Records from a data collection:
____
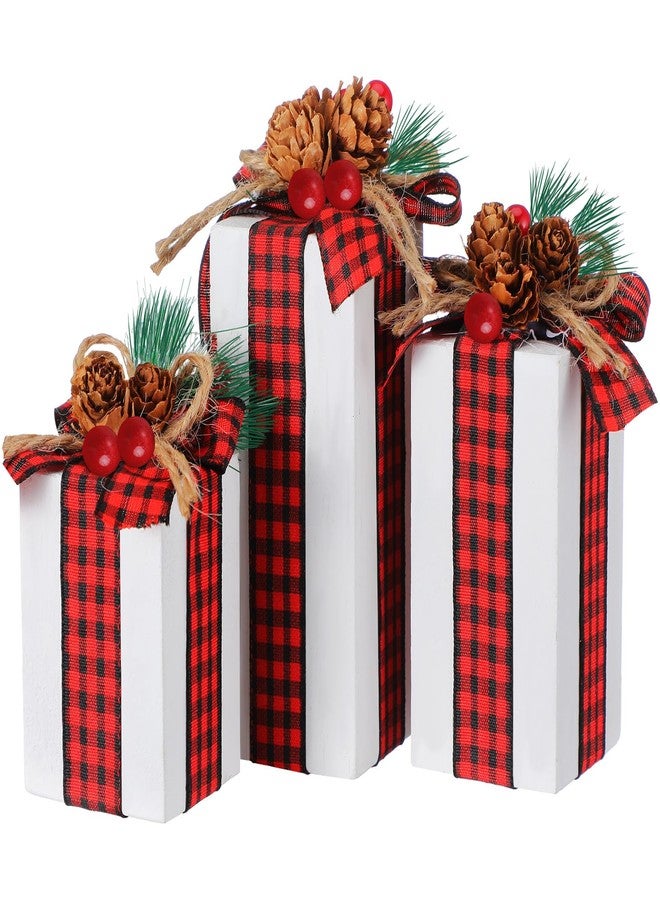 Glenmal 3 Pcs Christmas Table Centerpieces Xmas Wood Gift Boxes Decor Rustic Faux Present Blocks with Bow Ribbon for Holiday Tree Tiered Tray Decoration(Red White,Buffalo Plaid Style) - Image 1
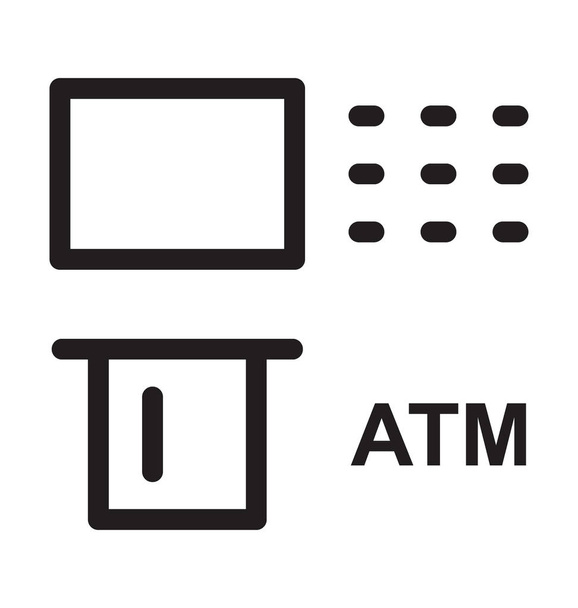 Atm Machine Vector Outline Icon - Вектор,изображение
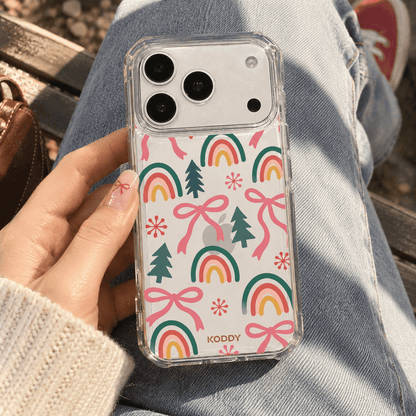 Christmas Bow & Rainbow Aesthetic Phone Case-KODDY aesthetic iphone case UK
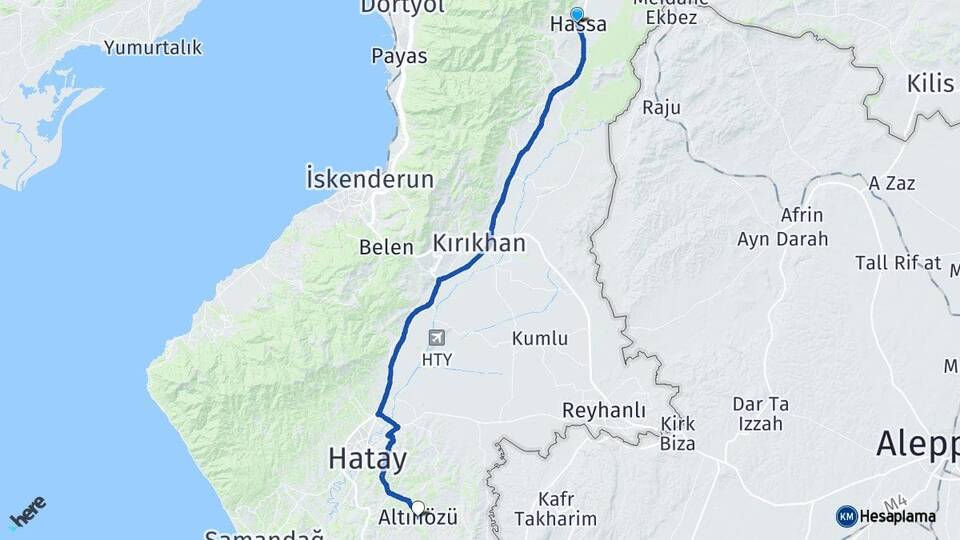 Hatay Hassa Altınözü Arası Kaç Km - Yol Haritası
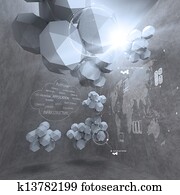 abstract 3d low polygon design for cloud networking computer 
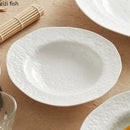 Axyaa Solid Color Hammer Pattern Deep Plate Salad Soup Pasta Plates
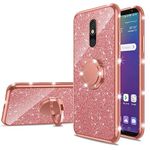 LG Stylo 5 Case, Glitter Luxury Sparkles TPU Silicone Cute Phone Case for Women Girls with Kickstand, Bling Diamond Rhinestone Ring Stand Slim Case for LG Stylo 5 (Rose Gold)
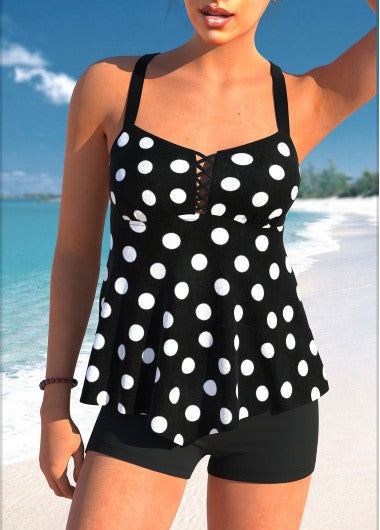 Modlily Handkerchief Hem Polka Dot Black Tankini Top - S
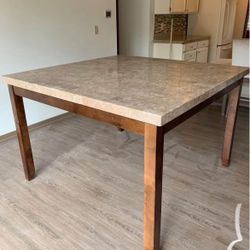 Wood Marble Top Dining Room Table 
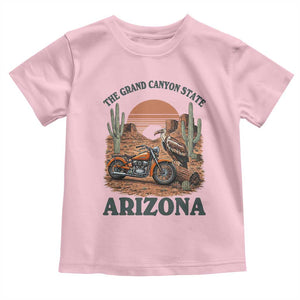Vintage Arizona Motorcycle Rider Toddler T Shirt Desert Cactus Grand Canyon State TS12 Light Pink Print Your Wear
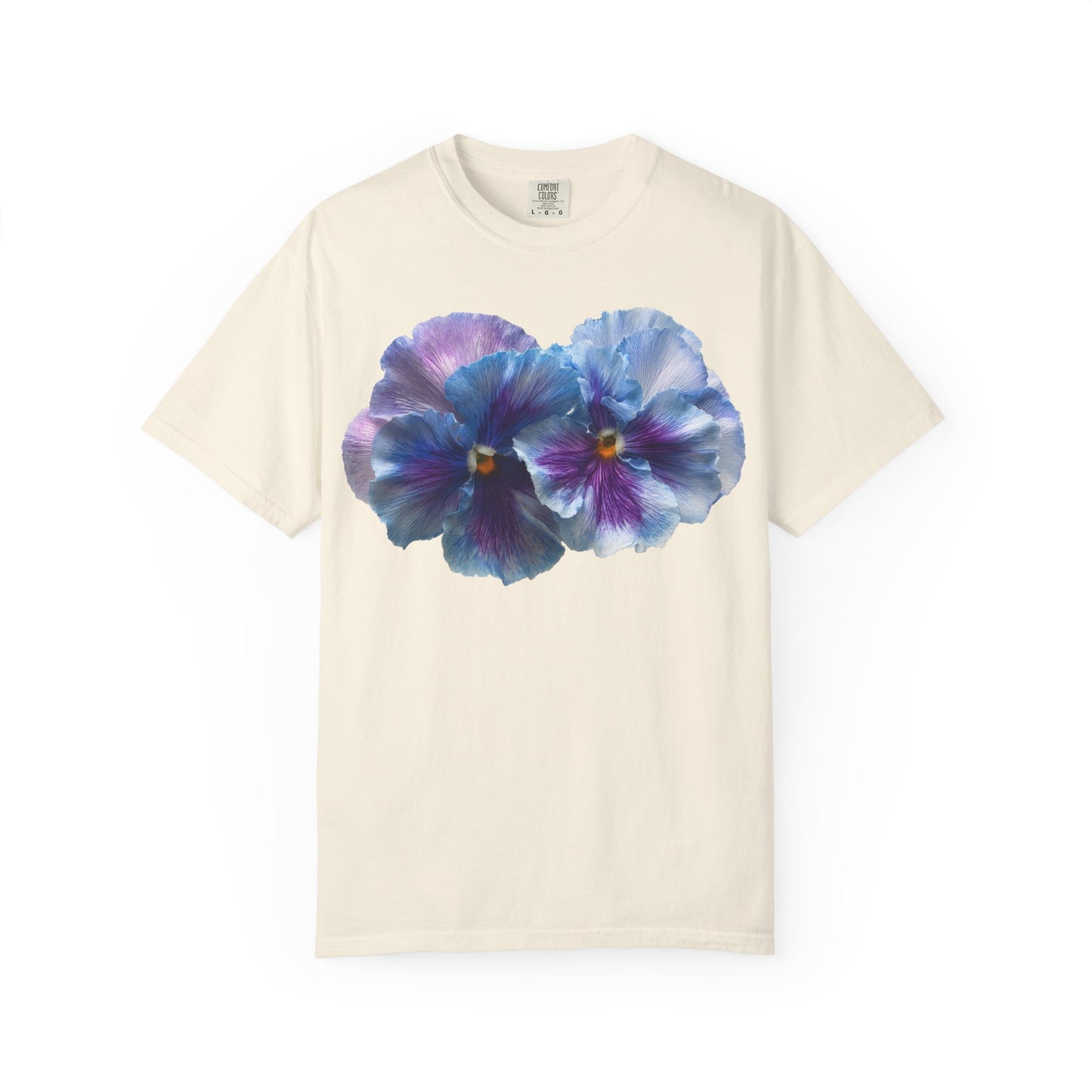 Pansy Watercolor T-Shirt — Purple Blue Floral Graphic Tee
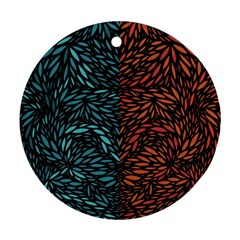 Square Pheonix Blue Orange Red Ornament (round)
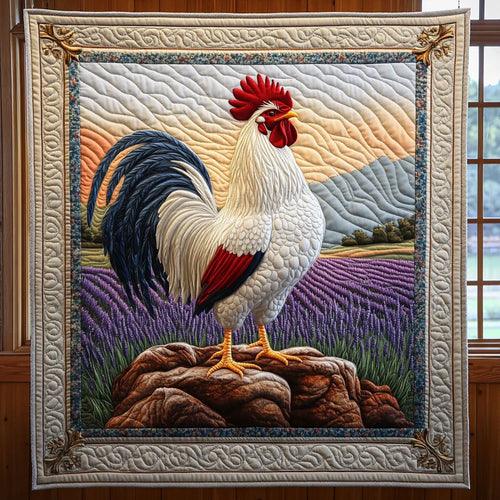 Charming Rooster Quilt Blanket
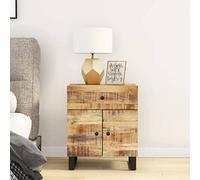 DYRJDJWIDHW Industrial Nightstand with Mango Wood Top & Metal Legs, 50x33x60 cm Bedside Table with Drawer, Solid Wood & Plywood Storage End Table for Living Room, Bedroom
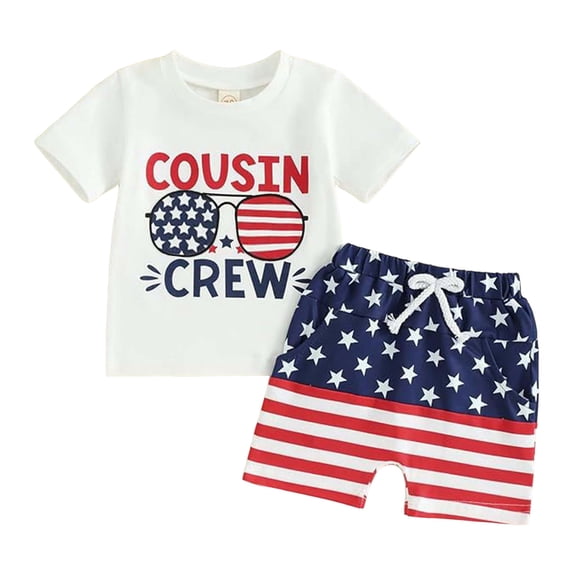 Staki American Independence Day Outfit Toddler Baby Boy 4th of July Outfits American Flag T-Shirt Tops Plaid Shorts Set Fourth of July Boys Clothes 6M 12M 18M,6-12 Months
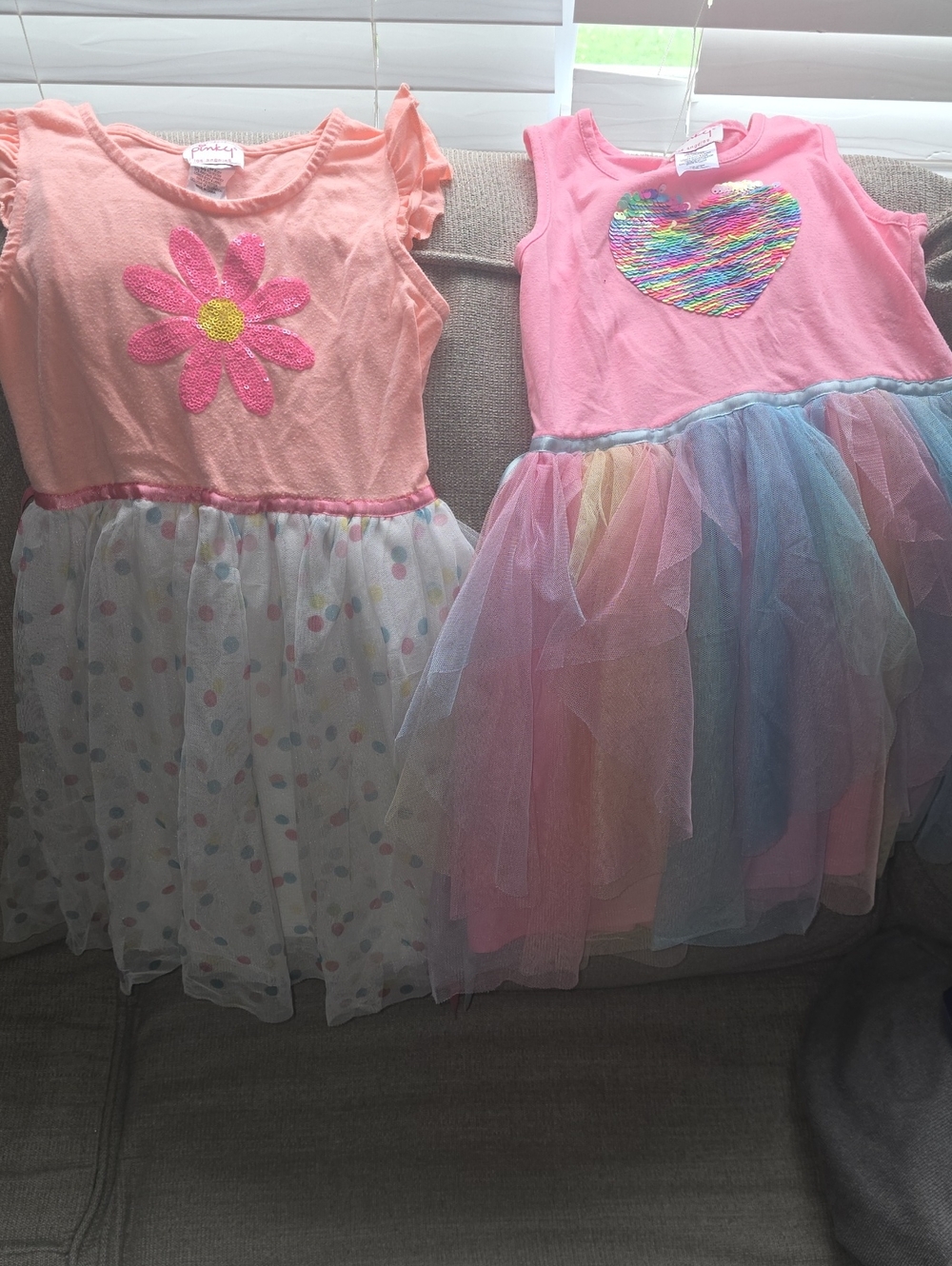 Kids/Girls Tulle Flower & Heart Costume Dress Set 2 Dresses Size 6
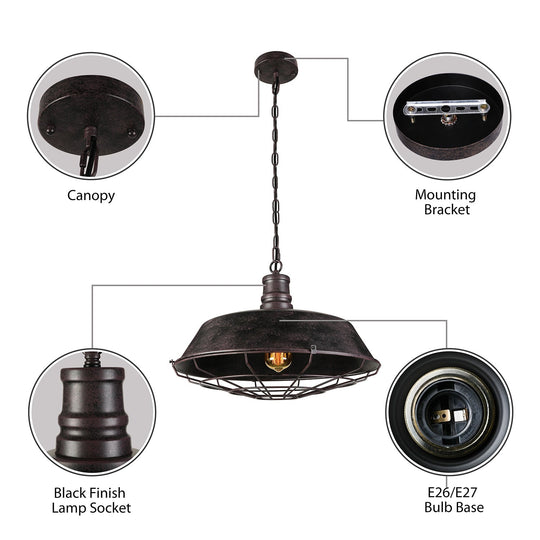 Suspension rustique avec abat-jour en fer forgé et bronze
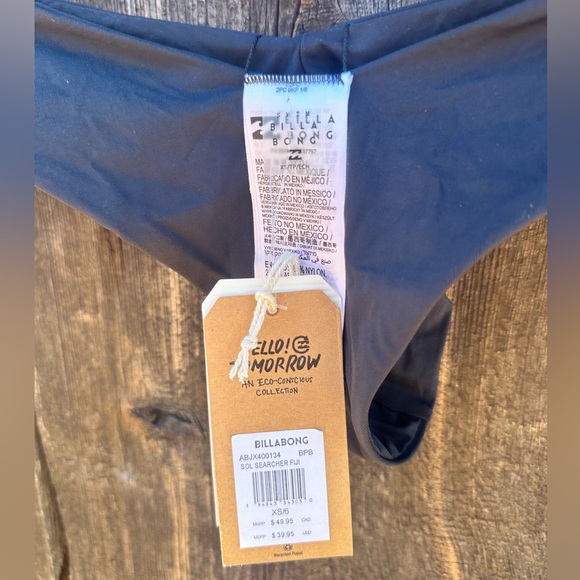 NWT Billabong Fiji Sol Searcher Hike Bikini Bottoms Pebble Black Cheeky Skimpy - Picture 13 of 14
____
## Task description
Output all of the data word for word, excluding any pictures.

## Problem solution
 Glenmal 3 Pcs Christmas Table Centerpieces Xmas Wood Gift Boxes Decor Rustic Faux Present Blocks with Bow Ribbon for Holiday Tree Tiered Tray Decoration(Red White,Buffalo Plaid Style) - Image 1
 Atm Machine Vector Outline Icon - Вектор,изображение
 Christmas Bow & Rainbow Aesthetic Phone Case-KODDY aesthetic iphone case UK
 Hatay Hassa Altınözü Arası Kaç Km - Yol Haritası
 abstract 3d low polygon design for cloud networking computer 
 Axyaa Solid Color Hammer Pattern Deep Plate Salad Soup Pasta Plates
 LG Stylo 5 Case, Glitter Luxury Sparkles TPU Silicone Cute Phone Case for Women Girls with Kickstand, Bling Diamond Rhinestone Ring Stand Slim Case for LG Stylo 5 (Rose Gold)
 Modlily Handkerchief Hem Polka Dot Black Tankini Top - S
 Wood Marble Top Dining Room Table 
Vintage Arizona Motorcycle Rider Toddler T Shirt Desert Cactus Grand Canyon State TS12 Light Pink Print Your Wear
 Pansy Watercolor T-Shirt — Purple Blue Floral Graphic Tee
 Square Pheonix Blue Orange Red Ornament (round)
 Charming Rooster Quilt Blanket
 DYRJDJWIDHW Industrial Nightstand with Mango Wood Top & Metal Legs, 50x33x60 cm Bedside Table with Drawer, Solid Wood & Plywood Storage End Table for Living Room, Bedroom
 Staki American Independence Day Outfit Toddler Baby Boy 4th of July Outfits American Flag T-Shirt Tops Plaid Shorts Set Fourth of July Boys Clothes 6M 12M 18M,6-12 Months
 Kids/Girls Tulle Flower & Heart Costume Dress Set 2 Dresses Size 6
 Suspension rustique avec abat-jour en fer forgé et bronze
 NWT Billabong Fiji Sol Searcher Hike Bikini Bottoms Pebble Black Cheeky Skimpy - Picture 13 of 14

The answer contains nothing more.